What defines a good engine build? For some, nothing matters but the big number on the dyno chart, but just as relevant to us is how you get there. The 417-cube Mopar small-block featured here from Jesse Robinson and the crew at SKMFX Engines in Summerstown, Ontario, Canada, provides a perfect illustration. Built with sights set on competing in the 2012 AMSOIL Engine Masters Challenge, a quick scan of the parts list would have pointed to a mild-mannered street build. The surprise comes when the parts list is put up against the actual power. With 580 hp and 552 lb-ft of torque on hand, the power curve would suggest there has to be something more at play. Frankly, there is, and that intangible element is outstanding execution to get the most out of the parts that went into the mix. Robinson's goal in this build was to use everyday performance parts in a very common configuration, and then work to show the true potential on tap.

Simple Stroker

In the Mopar world, stuffing a 4.00-inch stroke crank in a factory small-block is one of the most common and popular engine combinations. With the block's tall 9.6-inch deck height, ample crankcase and camshaft clearance, and OEM-length 6.123-inch connecting rods, this is an engine block begging for a longer crank, and it all readily fits in the available space with minimal grinding, reworking, or unexpected hassles. There's no need for a special reduced cam base circle, custom-length rods, or undersized compression height on the pistons. It's simple and straightforward, and that's one of the reasons Robinson elected to go this route. "The general idea was to do a budget-minded build aimed at the average street guy who walks in my door. They never want a stock-stroke build, they always want a 4-inch stroke in a small-block Mopar. The issue is often the project budget and how much cylinder head they are willing to use. I wanted to see how much we could get out of the EngineQuest cylinder head."
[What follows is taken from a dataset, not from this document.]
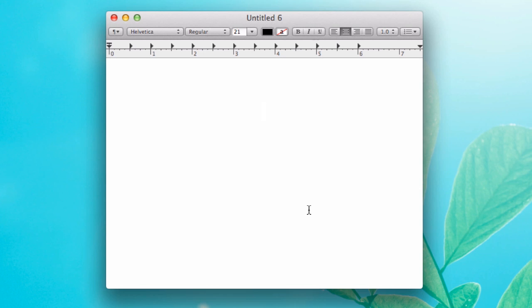When you don't know how to spell something, which happens from time to time, there are a lot of words to remember how to spell. You can use macOS 10's autocomplete functionality to help you spell it correctly.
Adding cubes to the Mopar small-block is a practical approach, given the factory options. The largest Chrysler OEM small-block displacement was 360 ci, leaving big-block swaps as the old solution for stepping up the volume. As Robinson relates, the stroker is a much more practical and cost-effective solution: "The stroker combination opens the door for big cubic inches in a small-block platform. This is a big advantage, providing a bolt-in solution rather than a much more complicated big-block swap." Although these stroker combinations are readily applicable to the small-journal 318 and 340 engine blocks, Robinson prefers the common 360 block as the basis of a typical street build: "I like the larger mains of the 360 block for more journal overlap, which make the crank more ridged with the long stroke." The crank employed is a 4340 forged steel unit from Eagle.

Prepping the production-based block itself was an exercise in simplicity, with a definite lack of trick-of-the-week parts. You'll find the block was given quality machining in the form of basic block prep operations, with attention to detail such as an expert final bore finish performed by Joe Rutters. SKMFX retained the OEM main caps, though ARP studs were added to improve clamping. As Robinson tells us, "When dealing with these power levels, I find the factory two-bolt main arrangement more than adequate for longevity, provided you have good ARP studs and proper machining procedures in preparing the mains. We touched up the center three main feeds for the proper diameter and enlarged the pickup to the oil pump to a half inch."

The relatively large final bore oversize of .070 inch was actually a result of the bores already being sized at .060-inch over, rather than some quest for maximum cubic inches. To aid cylinder rigidity, the water jackets were partially filled. At .070 inch, the bore accepts shelf pistons for a .030-inch over, 4.00-inch stroke Mopar 340 block, which comes from the factory with a slightly larger bore than the 360. Robinson expands: "The .070-inch oversize is readily available; I chose KB's Icon forged pistons because they have the correct 20.5cc dish size to bring the compression ratio under 10.5:1 with the chamber size being used. I've had good experience with these pistons, and they are cheap and readily available."

The Icon pistons accept a common 1/16-, 1/16-, 3/16-inch ring package, accommodated by a set of Mahle Clevite rings. Robinson prefers a ring package with the Napier-faced second ring. "I put a Napier ring in the second groove; it's a combination that I have come to really like. If I'm tracking blow-by on the dyno or inspecting the exhaust ports or spark plugs, they are just always sealed up and dry. I think they pick up where the oil ring leaves off."

Connecting the pistons to the crank is an affordable set of Scat I-beam rods. These lightweight forgings are compact at the big end, helping with stroker clearance, and have proven quite capable at the power level considered here. The overall bottom end configuration yields a displacement of 417 ci from the factory 360 block, and is both easy to assemble and affordable. Robinson relates: "The small Mopar is so nice because I only needed to grind very small notches at the bottoms of the cylinders; the Scat I-beam rods with the cap screws aid the clearance. By using readily available parts in a conventional stroker combination, the package offers great value. For just the short-block with machining included without a core charge, I think you can get something like this put together for between $2,400 and $2,800 out the door, which I consider very reasonable for this many cubic inches."